USAID previously funded specific programmes to deliver disaster relief to people affected by flooding and landslides in countries across Africa, including Burundi. Other USAID services have also been cut in the country, including PEPFAR, the US programme to provide antiretroviral drugs to HIV carriers, which provided 51 per cent of Burundi’s HIV response funding.
The sudden halt removed roughly $6.5m (£4.8m) of a $25m (£18.5m) budget, directly affecting 10,000 of the 79,000 people on treatment and leading to the laying off of 167 health workers. USAID also provided $15m for vaccine distribution and malaria control, reaching an estimated 250,000 Burundians last year.
Kirenga says organisations like his are now buckling under the strain. “We’ve been responding to the refugee influx, but also we’ve been responding to the climate change effects as a result of flooding and being displaced. But now we have to reduce our focus, and focus on refugees and the influx, leaving out the internal displaced population of Burundi, and that’s really not fair.”
Not only have those forced to flee the floods lost their homes; they are now far away from what they know.
Thousands of Burundians displaced by the rising waters of Lake Tanganyika have been settled on a hillside more than an hour’s drive away from where their schools and businesses are now under water. The high ground at the Gateri camp looks over the Rusizi River and into DRC, from where refugees continue to escape.
Save the Children brings help for the kids, organises singing to raise morale, and tries to ensure that these locals don’t vanish into poverty and the children into begging – or worse.
In the crowded camp, Pastor Jean shows us his makeshift house of wood and plastic sheeting, but our visit is cut short by pro-government officials who don’t want any criticism of the ruling party.
Burundi’s authoritarian government recently faced elections, and has a reputation for extreme brutality. With the opposition National Congress for Liberty (CNL) – broadly perceived as Tutsi-aligned – effectively sidelined, the ethnic Hutu-dominated government and ruling party, the National Council for the Defence of Democracy, won by a landslide 96 per cent.
Like neighbouring Rwanda, Burundi was a Tutsi monarchy before German and then Belgian colonial rule.
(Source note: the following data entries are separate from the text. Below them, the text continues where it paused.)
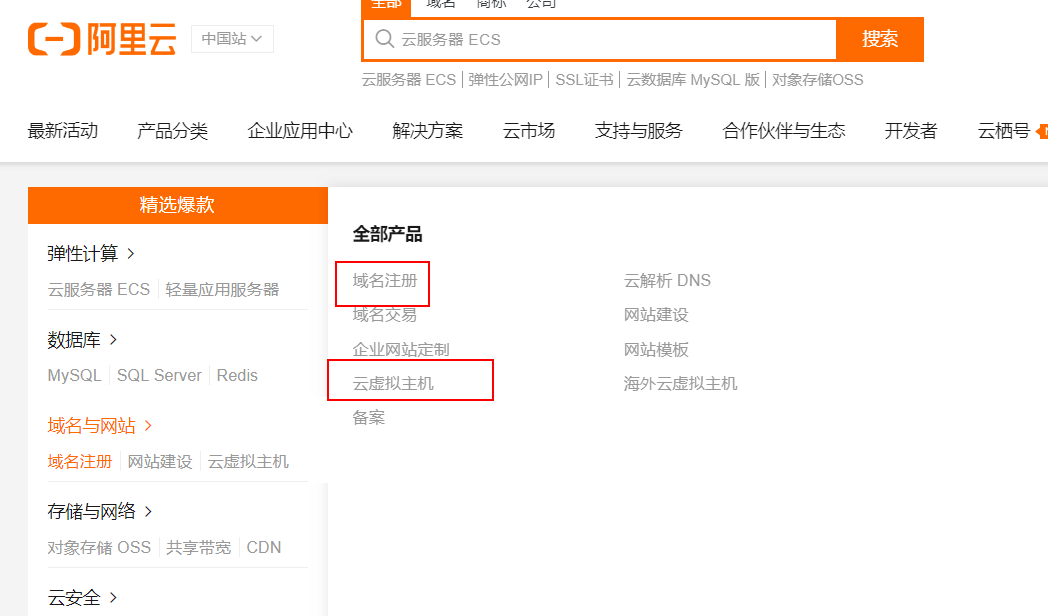 阿里云服务器如何更换网站程序(阿里云服务器如何更换网站程序设置)，阿里云服务器更换网站程序的步骤和设置指南，阿里云服务器更换网站程序设置步骤详解，操作指南与设置教程，阿里云服务器更换网站程序详解，步骤、设置与操作指南，阿里云服务器更换网站程序详解，步骤、设置与操作指南，阿里云服务器更换网站程序详解，步骤、设置与操作指南全攻略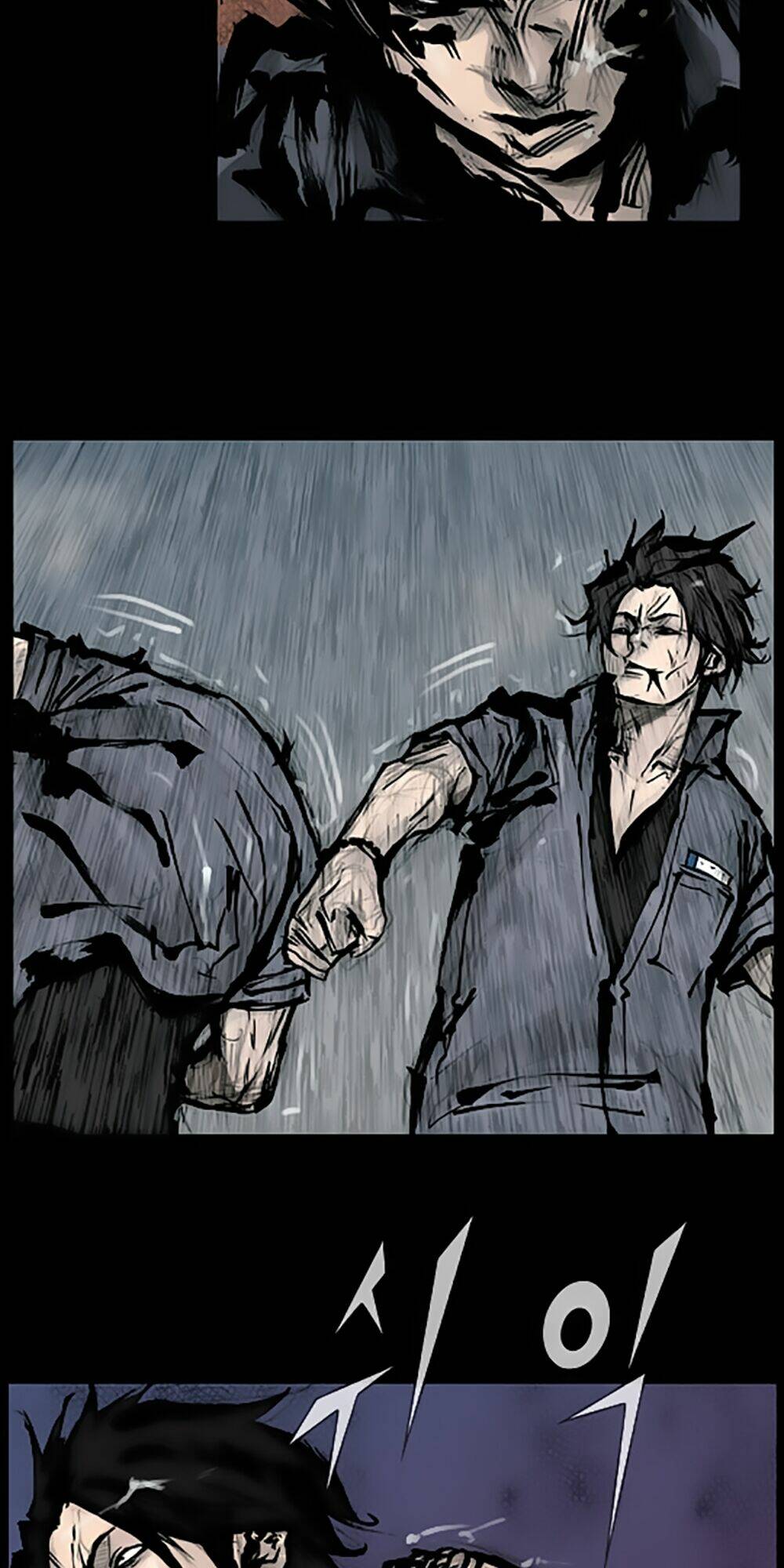 dokgo | độc cô chapter 88 28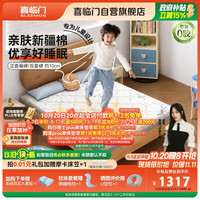 喜临门 高纯乳胶 床垫  诺蓝10H 5-10cm（含） 135*200cm 偏硬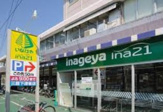 いなげやina21 三鷹牟礼店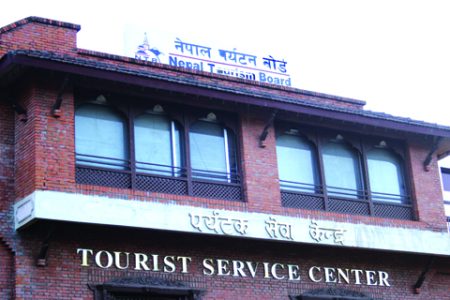 नेपाल-पर्यटन-बोर्ड.jpg-tourisim-board-ntb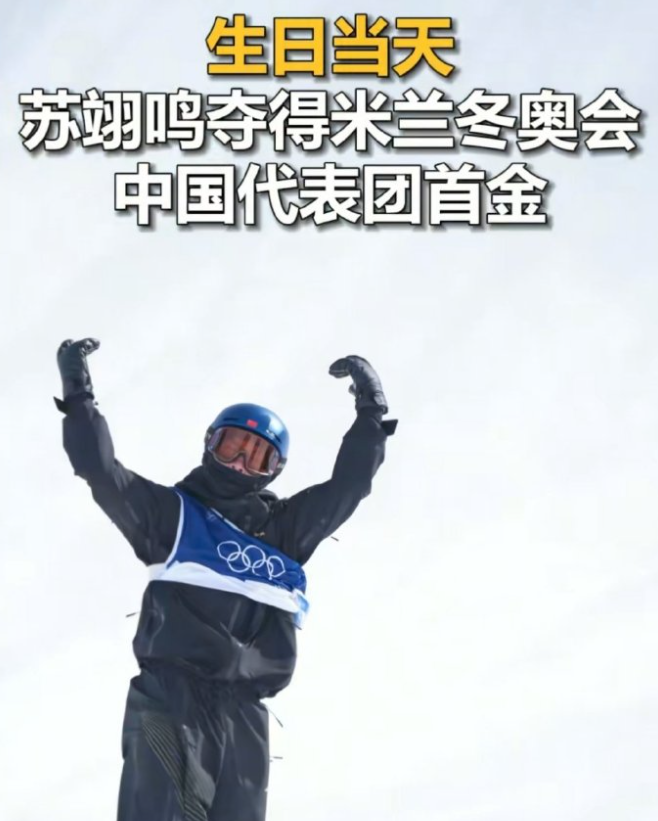 0.28分，毫厘之间定胜负！
苏翊鸣，用最稳的动作，赢最刺激的局！
少年意气，稳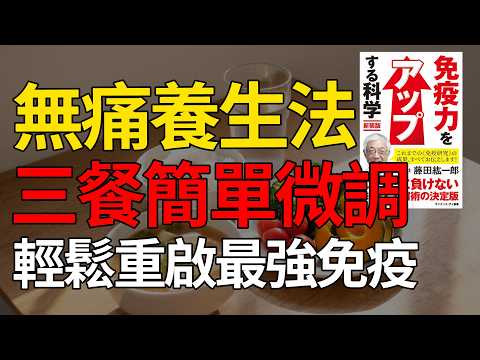 越補越病？日本醫學博士拆解 90% 城市人嘅免疫誤區！唔使食補品、唔使苦行式運動，教你無痛修復腸道防線！｜《免疫力》好書導讀#藤田弘一郎 #免疫力 #腸道微生态 #亞健康調理 #粵語說書#腸漏症 #慢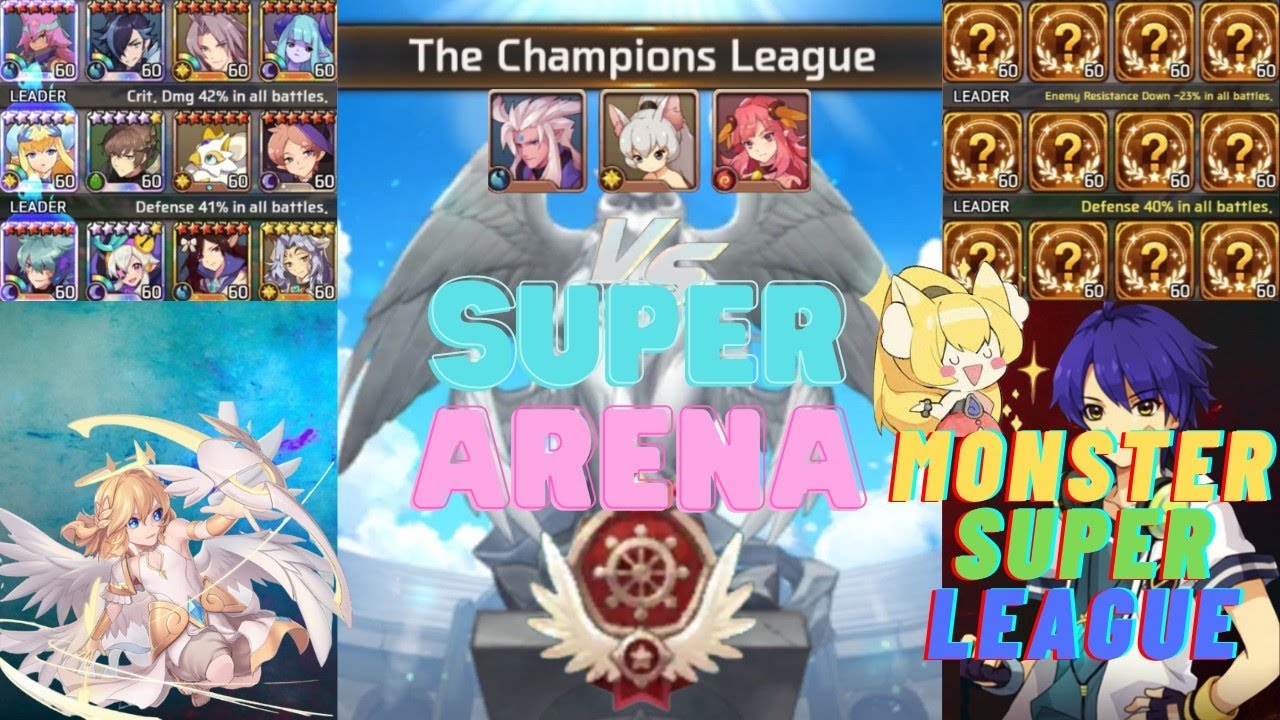 Monster super league (супер арена)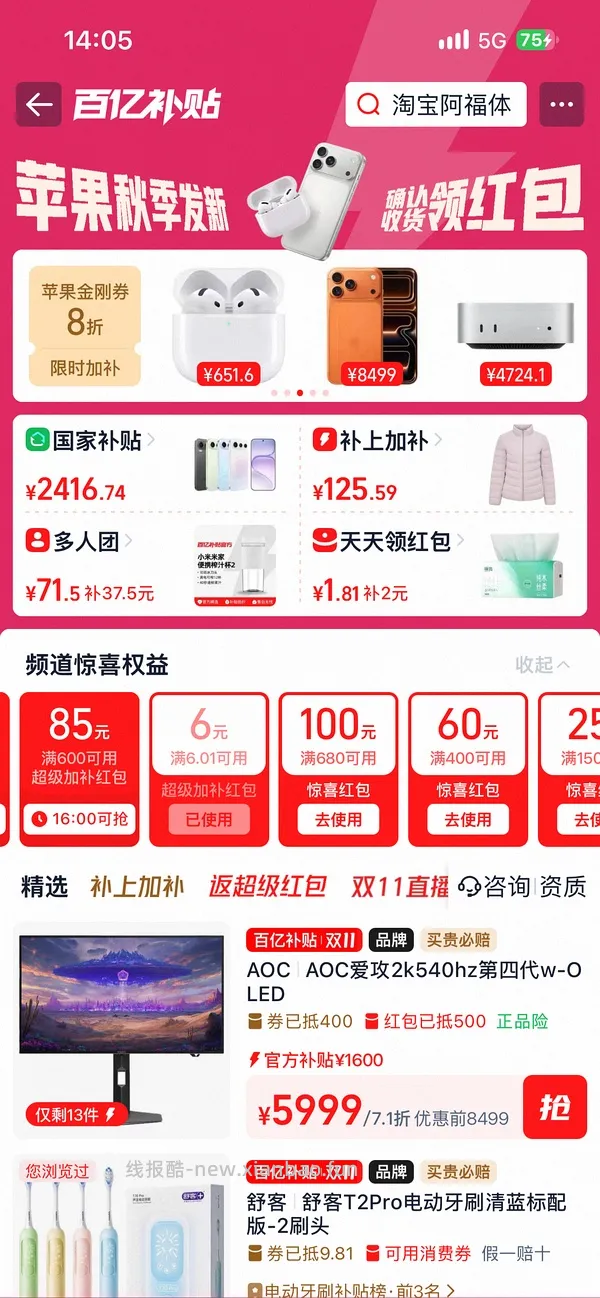 反薅蚂蚁体脂秤 - 线报酷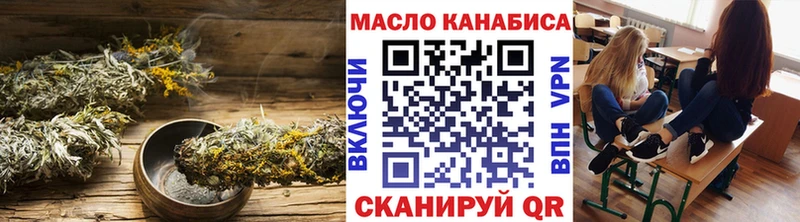 как найти закладки  Городовиковск  ТГК вейп с тгк 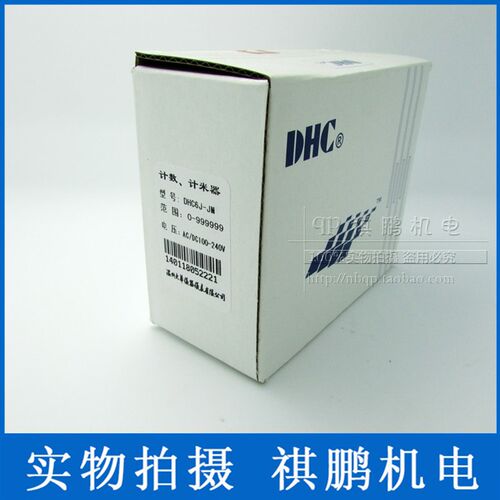 DHC温州大华 DHC6J-JM 可逆计数器 计米器 代替DHC6J-M或DHC6J-J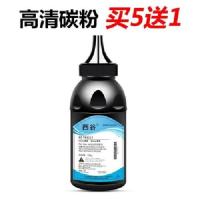 加黑碳粉(买5送1) 京瓷1020碳粉FS1040 1060 1120 1025MFP M1520h TK1113粉盒墨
In Burundi, Tutsis dominated the army and government following independence until the early 1990s.
In 1993, Burundi was torn by ethnic mass murder when the Tutsi-dominated army killed the first ever democratically elected president, a Hutu, in a coup. Years of civil war and unrest followed. Now, a toxic local brew of incendiary politics is being fermented by the desperation caused by climate change and nearby war. It’s likely to explode.
Kimutai is clear about the role the environment plays: “We definitely see climate change as a multiplier of these threats.”